Given entries.
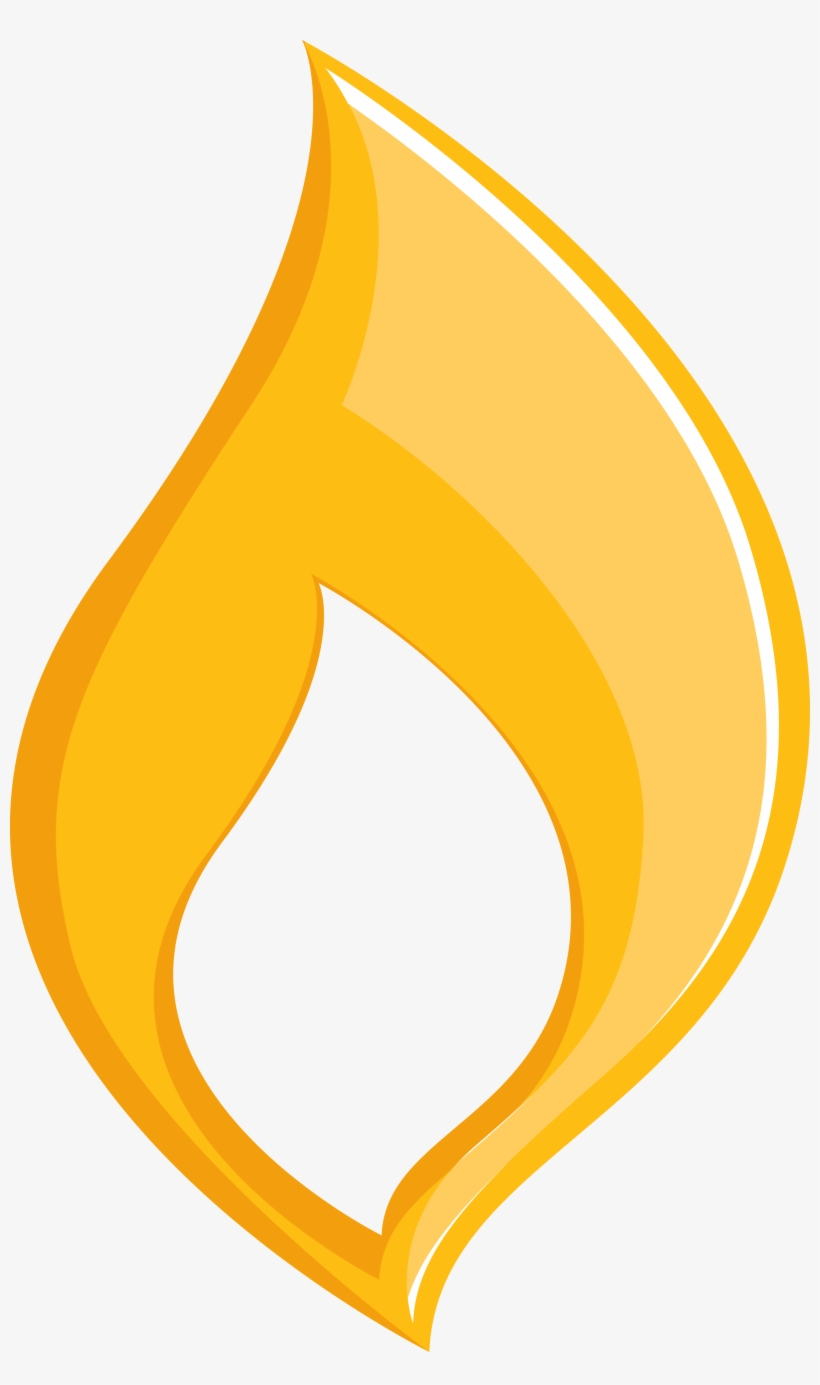 To Embrace And Accept All Jews, Regardless Of Background - Flame Jewish, transparent png download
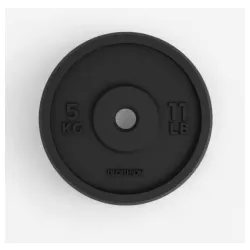 Teg od livenog gvožđa od 5 kg prečnika 28 mm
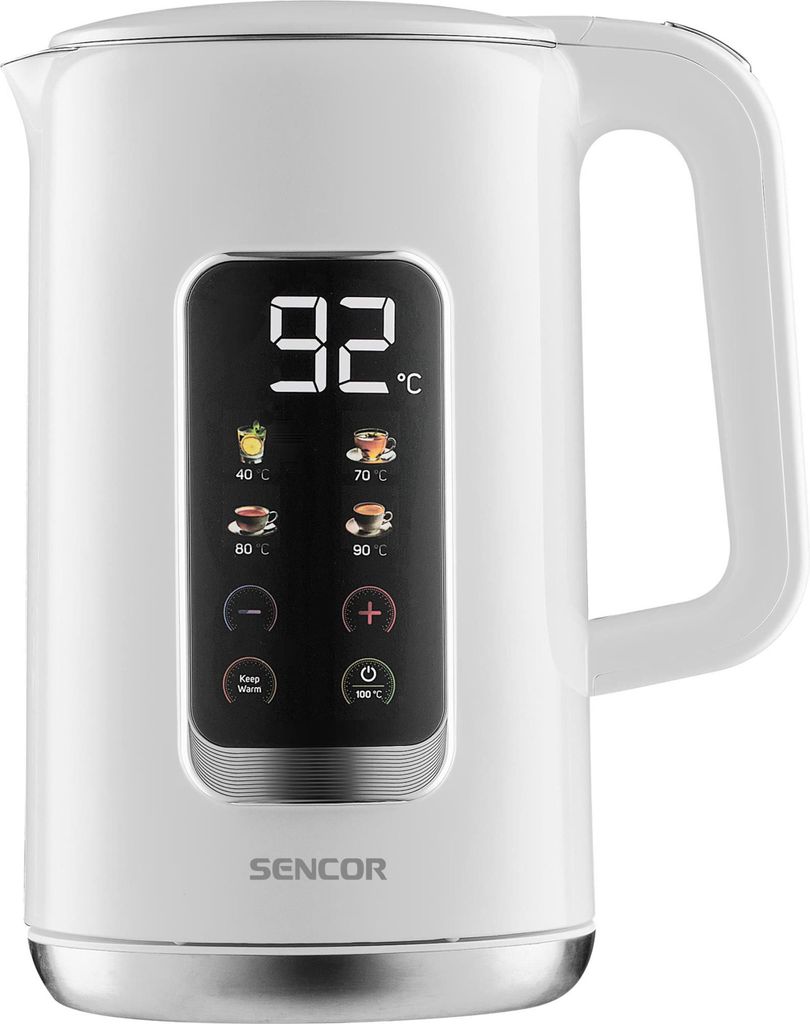 Bollitore elettrico SENCOR SWK 0950WH Immagine del prodotto 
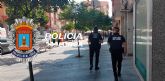 Detenido un joven por robo con violencia a una mujer en va pblica, del casco urbano de Lorca
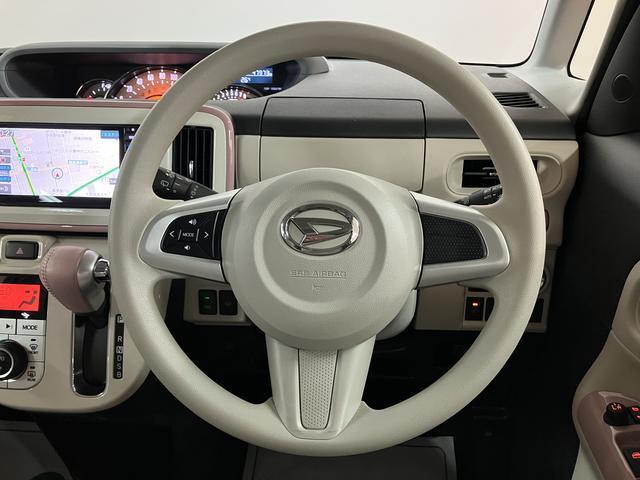 ムーヴキャンバスＧメイクアップＶＳ　ＳＡIIIナビゲーション　パノラマモニター　ＥＴＣ車載器　ＬＥＤヘッドライト　スマートキー　プッシュスタート　運転席シートヒーター　スマートアシスト３　１年間走行距離無制限保証（大阪府）の中古車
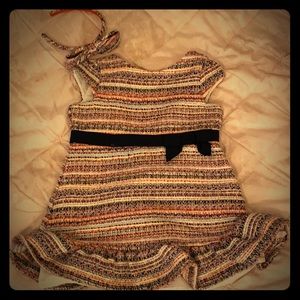 Janie and Jack Tweed Dress and Headband The Ava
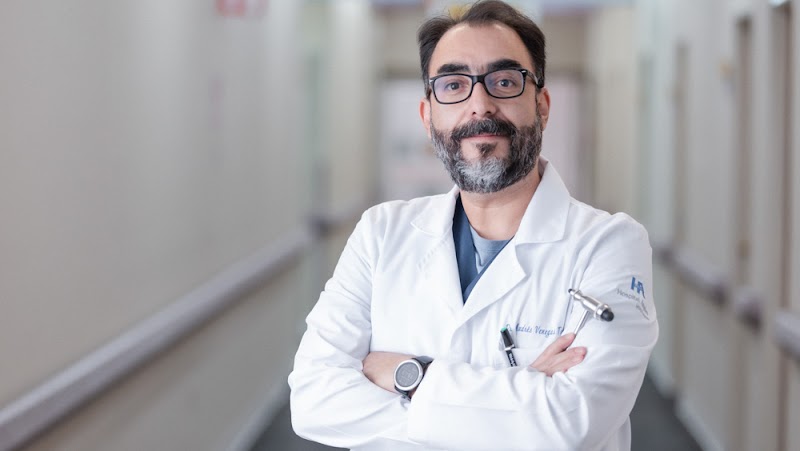 Dr. J. Andrés Venegas Torres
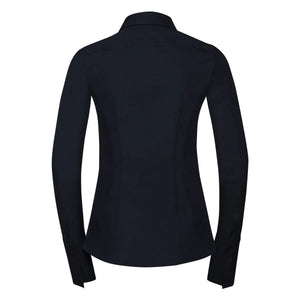 Camicia Ladies Maniche Lunghe Ultimate Stretch - personalizzabile con logo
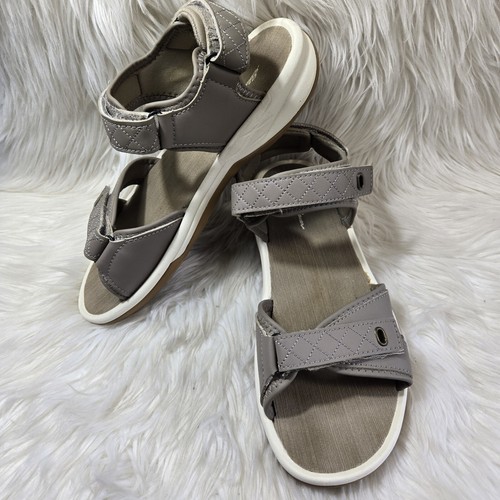 Eddie Bauer Damen Outdoor Wandern Rosecliff Sandalen Größe 10 M
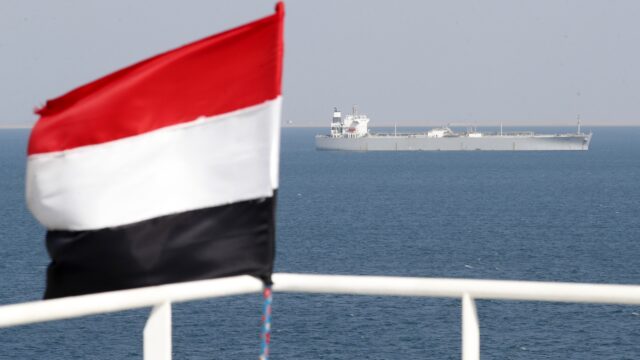 Houthi's blijven onverminderd aanvallen in Rode Zee: 'Ze zijn gewoon niet te stoppen'
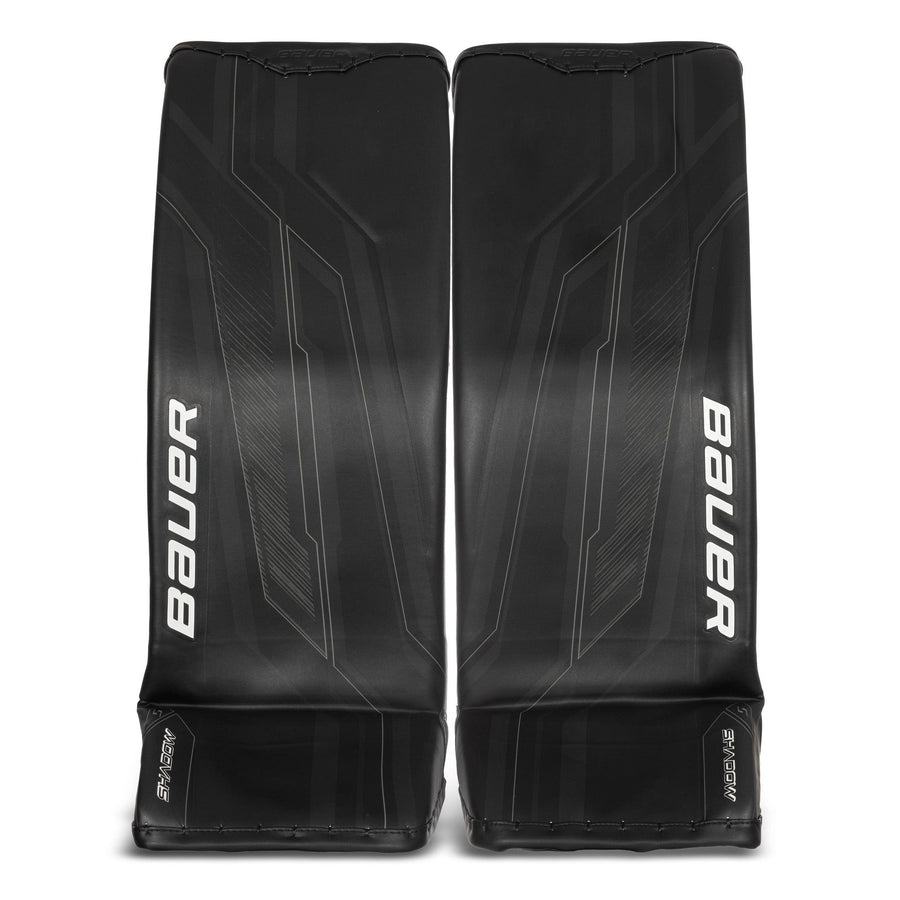 https://www.thehockeyshop.com/cdn/shop/files/bauer-leg-pads-bauer-supreme-shadow-senior-goalie-leg-pads-black-s-31801380700226_900x.jpg?v=1718649284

Assigned task.
Only the text of the entries above is to be given again, exactly, with the pictures left out.

Written solution.
 To Embrace And Accept All Jews, Regardless Of Background - Flame Jewish, transparent png download
 Teg od livenog gvožđa od 5 kg prečnika 28 mm
 Bollitore elettrico SENCOR SWK 0950WH Immagine del prodotto 
 Detenido un joven por robo con violencia a una mujer en va pblica, del casco urbano de Lorca
 ムーヴキャンバスＧメイクアップＶＳ　ＳＡIIIナビゲーション　パノラマモニター　ＥＴＣ車載器　ＬＥＤヘッドライト　スマートキー　プッシュスタート　運転席シートヒーター　スマートアシスト３　１年間走行距離無制限保証（大阪府）の中古車
 Janie and Jack Tweed Dress and Headband The Ava
 Dr. J. Andrés Venegas Torres
 Camicia Ladies Maniche Lunghe Ultimate Stretch - personalizzabile con logo
 Eddie Bauer Damen Outdoor Wandern Rosecliff Sandalen Größe 10 M
 Houthi's blijven onverminderd aanvallen in Rode Zee: 'Ze zijn gewoon niet te stoppen'
 https://www.thehockeyshop.com/cdn/shop/files/bauer-leg-pads-bauer-supreme-shadow-senior-goalie-leg-pads-black-s-31801380700226_900x.jpg?v=1718649284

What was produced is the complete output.